What is expected: Would you transcribe the lines running from the one that holds "Miniatura 7 de" to the last line of the records? Leave every picture out.

++++++++

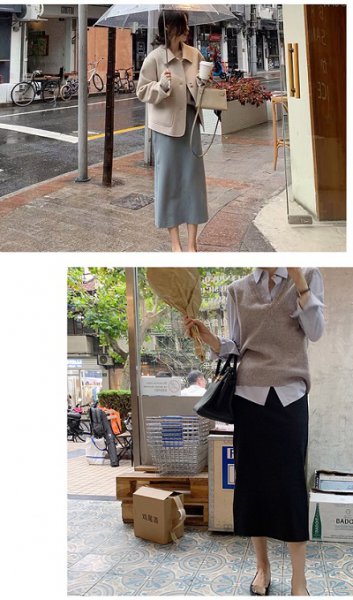 40岁女人冬季穿什么最减龄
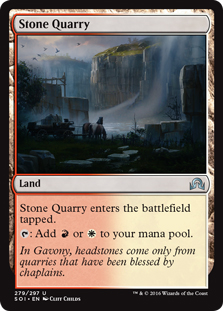 Stone Quarry (foil)
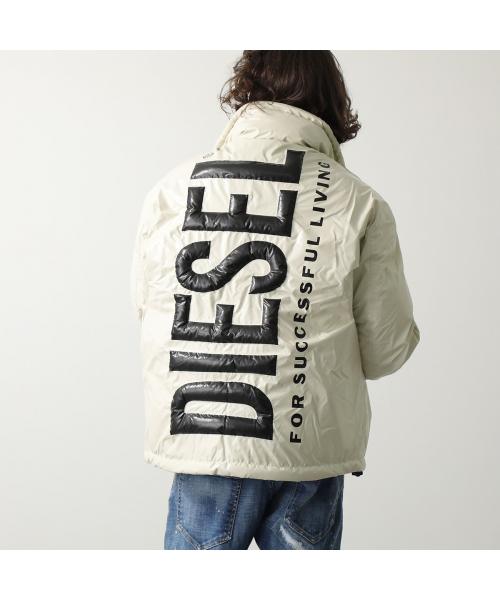 DIESEL 中綿ジャケット W－JUPIT A10607 0JKKL ロゴ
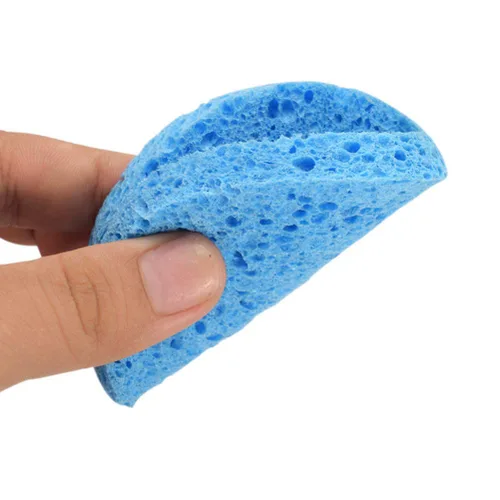 Miniatura 7 de Esponjas para Maquillaje Esponja de eliminación de maquillaje, 10 piezas comprimidas de celulosa natural esponja facial Comprimir Esponja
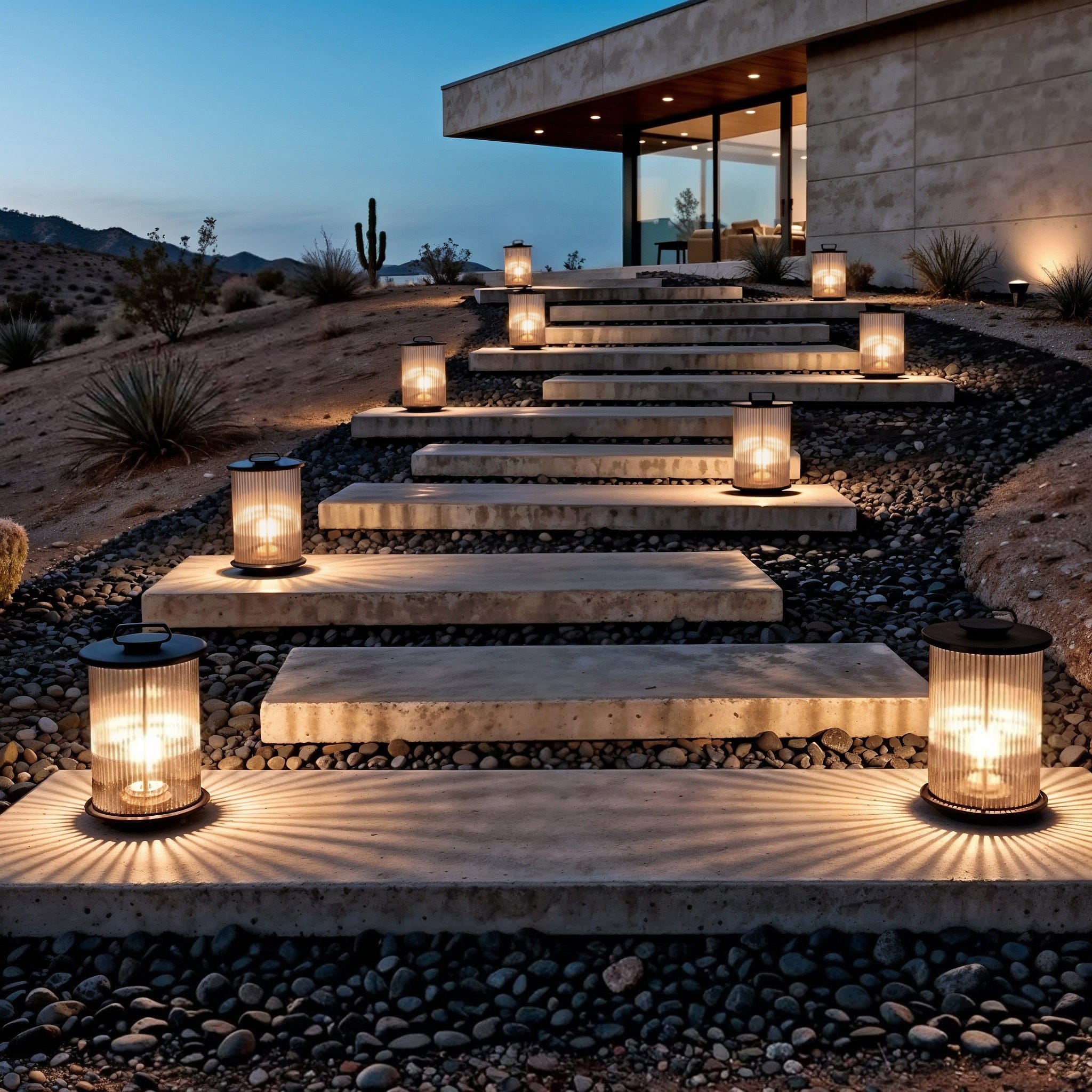 Rika Wedge Solar Garden Light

++++++++

Solution to this task:
 Miniatura 7 de Esponjas para Maquillaje Esponja de eliminación de maquillaje, 10 piezas comprimidas de celulosa natural esponja facial Comprimir Esponja
 Rika Wedge Solar Garden Light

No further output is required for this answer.